For a full minute, the three of us laugh so hard, everything else falls away. Until I stop to catch my breath. Then the weight of what we’re trying to do slams back down on my shoulders.
“He can do his thing from Seattle.” Though Austin and Trevor argued with me for an hour, it was my call to keep the three members of Hidden Agenda—a K&R firm that partners with Trevor’s employer, Second Sight—from flying to Panama City to join us. “All we can control is what happens inside these walls. Zephyr’s monitoring the cameras you installed around the building, but we have no fucking clue who’s watching us from across the street. Down the block. A rooftop two kilometers away.”
After muttering something about me being right—I should have asked him to repeat it so I could get it “on tape”—Trev goes back to sketching the layout of the streets around the church.
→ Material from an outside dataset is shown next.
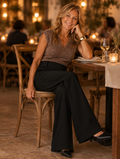 Duna modern loose trousers worn at a dinner table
Zephyr’s face pops up on my screen. “Tracing the call from Domina’s phone was…difficult.”
“But not impossible?” I ask.
She frowns, taps her keyboard, and shows me a map of North, South, and Central America. Red dots flash all the way from Canada to Zimbabwe. “They routed the call through a dozen different countries. I had to hack into Domina’s mobile carrier, but once I did that, I managed to trace the signal. But they’re not taking any chances. The call pinged off five different towers in a ten-mile radius aroundyourapartment complex. Best guess? They drove in circles the whole time.”
“If she’s close—”
Zephyr stares at me, and even over a video call from Boston, her expression is crystal clear. “These guys are pros, Leo. I’d bet all the tea in this city they purposely drove around your building to distract you—us—so we wouldn’t look for her anywhere else.”